With EUR/CHF trading at 1.2064, an opportunity has arisen. Given the Swiss National Bank (SNB) have been defending the 1.20 area in EUR/CHF since 2012, it’s certainly worth looking at the pair from a tactical standpoint.

Source: Bloomberg

Technically, being long EUR/CHF doesn’t make a lot of sense (given the lack of uptrend). But, then again, this is a special situation. In theory, what we’re seeing is the market pitted against the Swiss central bank. The question, then, is who will win.

We also need to be aware that below 1.2000 are billions of EURs of stops in the market. Some of these have been placed by funds that are long and hoping the 1.2000 floor holds. Others will be placing sell stops with the idea that the SNB lose its battle and the pair subsequently collapses.

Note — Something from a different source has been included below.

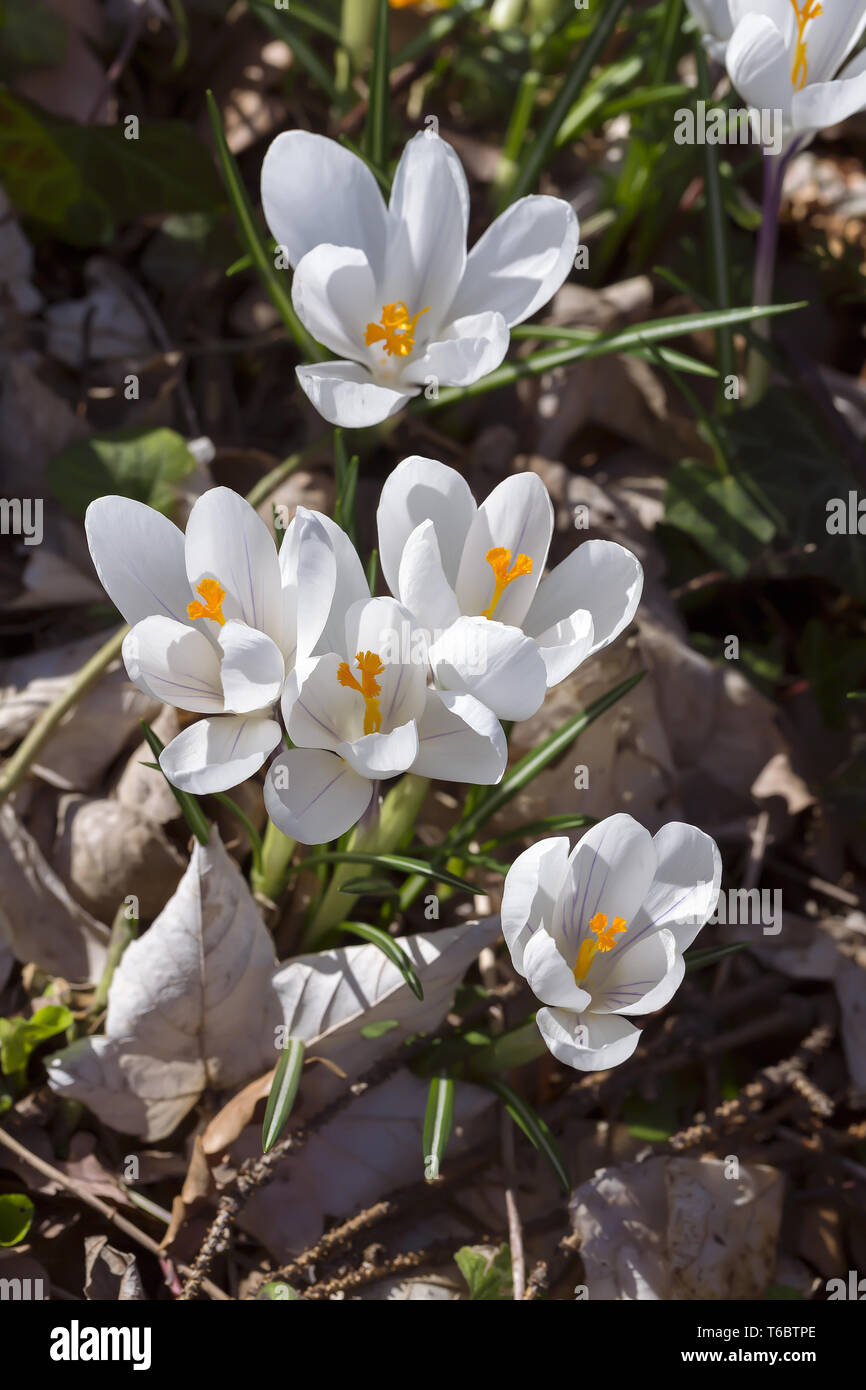 Premières fleurs du printemps, les crocus blanc Banque D'Images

My own personal view is that the floor will hold and will be working potential bids into the overnight low of 1.2050. Stops should be placed above the figure at 1.2004 (to avoid the potential stop-loss run) and you'll then need to be fairly nimble to take profits at 1.2150.

Questions around QE

The ECB meet next week and, while only one investment bank expects to see action from the ECB, my view is in line with the consensus – that they will leave policy unchanged and say more can be done. The argument that we will hear much more colour around future quantitative easing is understandable but premature, I feel.

The market believes we will see QE at some stage next year (after March). However, if you listen to the remarks from the German finance minister over the last 12 hours, it seems the barriers to QE are predictably high. We would clearly need to see a major collapse in manufacturing and strong deflationary pressure for full-scale asset purchases to materialise.

The other interesting issue is how the SNB will respond. They can still cut its own sight deposit rates to negative and, given the influence of the Swiss banking sector on the Swiss economy, a SNB rate cut to negative would have a very powerful impact on the CHF.

The idea behind negative deposits is to penalise banks for parking funds on the central bank’s balance sheet, thereby incentivising them to either lend (unlikely) or seek out opportunities offshore. This would create capital outflows, which would weaken the CHF.

Keep an eye on Eurozone CPI (first estimate) at 19:00 AEST. With the market expecting a slight pullback in inflation to 0.3%, there are risks it will undershoot. I am sceptical we’ll see a big miss to consensus. However, all eyes will be on this data point.